Neil Leyden has some interesting comments / proposals in a similar vein here and here.

Saturday, January 10, 2009

Data Protection Commissioner may prosecute for spam without seeking negotiated settlement - High Court

As we've seen before ("How to be sued by space cadets") Realm Communications has been trying to stymie prosecutions being brought against it for spam. Their claim has been that the Data Protection Commissioner is under a statutory duty to seek an amicable resolution before resorting to the heavy guns of a criminal prosecution.

In the recent statutory instrument amending data protection law the Minister sought to preempt this argument for future cases, by including a provision stating that:
If of the opinion that the circumstances relating to a complaint investigated under Regulation 17 involve the commission of an offence under these Regulations, the Commissioner may bring and prosecute proceedings for the offence without attempting to bring about an amicable resolution of the complaint.
But this still left the position in doubt in respect of offences committed and prosecutions commenced before this change.

The High Court has now rejected the argument that an amicable resolution must be sought, McCarthy J. holding (according to the Irish Times report) that "the absence of resolution attempts did not erase the fact that regulations were breached". This is an unsurprising result - the legislation certainly doesn't expressly provide that there must be an attempt at settlement, and while it might be best practice to do so, a strict duty would tie the hands of the DPC (especially when dealing with repeat offenders) and would undermine the effectiveness of the criminal penalty. But though the result might have been predictable the ruling is still useful, particularly as it clarifies the position in respect of other pending prosecutions. (Edited to add: full judgment now available here.)

Wednesday, January 07, 2009

Danish censorship list leaked

Another internet censorship story which didn't get the attention it deserved over Christmas was the revelation that the blacklist operated by the Danish child pornography filtering system - all 3863 blocked URLs - was leaked on December 23 and is available in full online.

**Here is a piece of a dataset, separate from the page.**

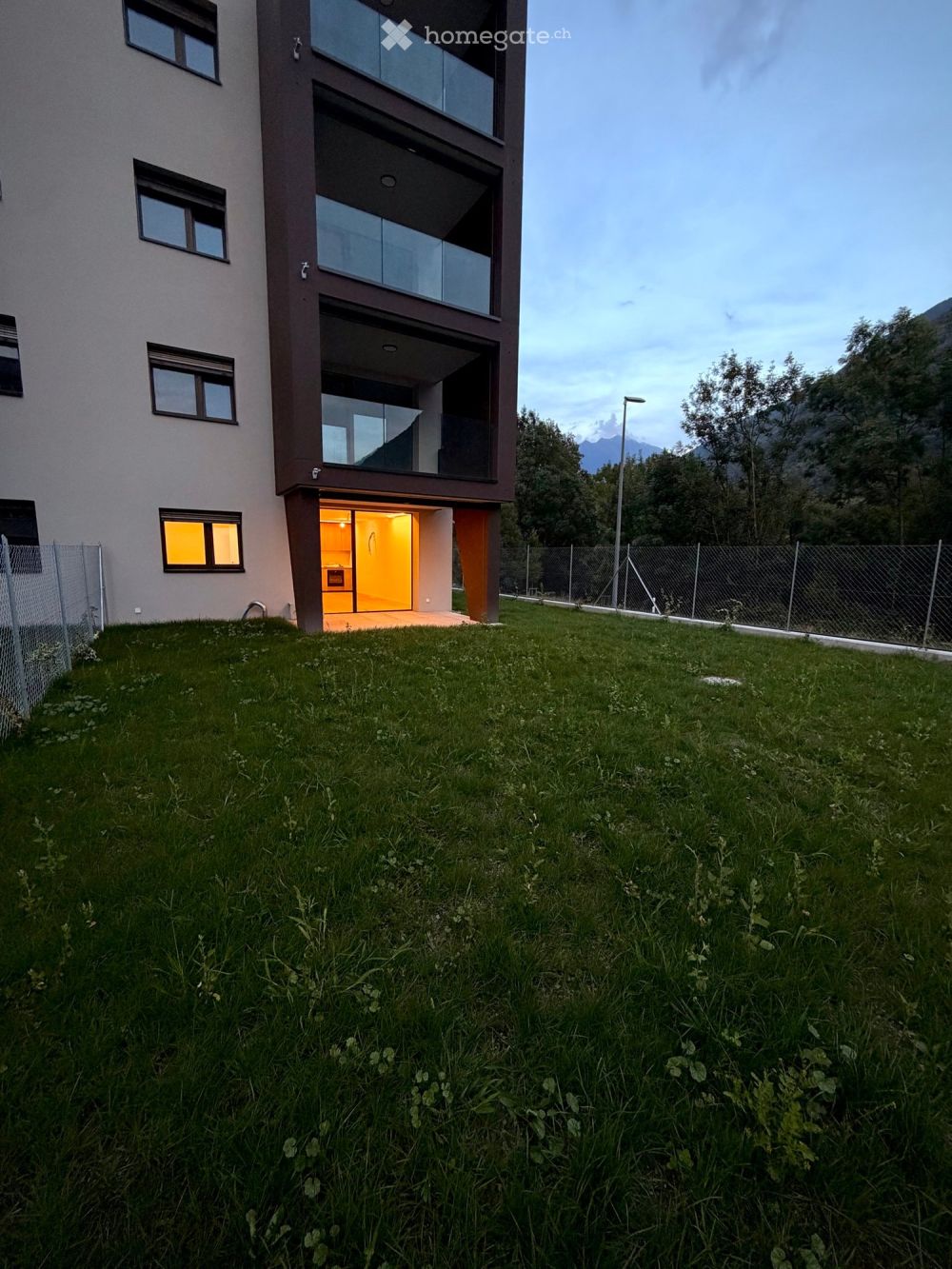 Moderno 2.5 locali con giardino a Lumino - Bild 2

If nothing else, this (in conjunction with the Thai leak) vividly illustrates one key criticism of any internet filtering system - that the list of blocked content will inevitably leak and so facilitate access to the supposedly blocked content.

A note of caution for bloggers - the Danish list is reported to contain links to child pornography sites, meaning that linking to the list might itself be an offence under section 5 of the Child Trafficking and Pornography Act 1998. That section makes it a criminal offence to "knowingly [publish] or [distribute] any advertisement likely to be understood as conveying that ... any other person produces, distributes, prints, publishes, imports, exports, sells or shows any child pornography". Legal opinion in the UK (in relation to their similar Protection of Children Act 1978) has been that domain names and URLs might themselves constitute such illegal advertisements.

Monday, January 05, 2009

Thai censorship list leaked: RTÉ News blocked

Thailand's Ministry of Information and Communication Technology operates a secret internet censorship system, blocking access to websites deemed unsuitable for the Thai people. The list of blocked websites has now been leaked, and makes for interesting reading. Doubtless Thais will be glad to know that they are being protected from such evils as the Economist , Charlie Chaplin and Hillary Clinton's campaign videos.

Irish readers will be interested to note that one of the banned pages is from RTÉ News, even though that page merely discusses Thai blocking of YouTube and does not itself contain any content that could remotely be considered offensive.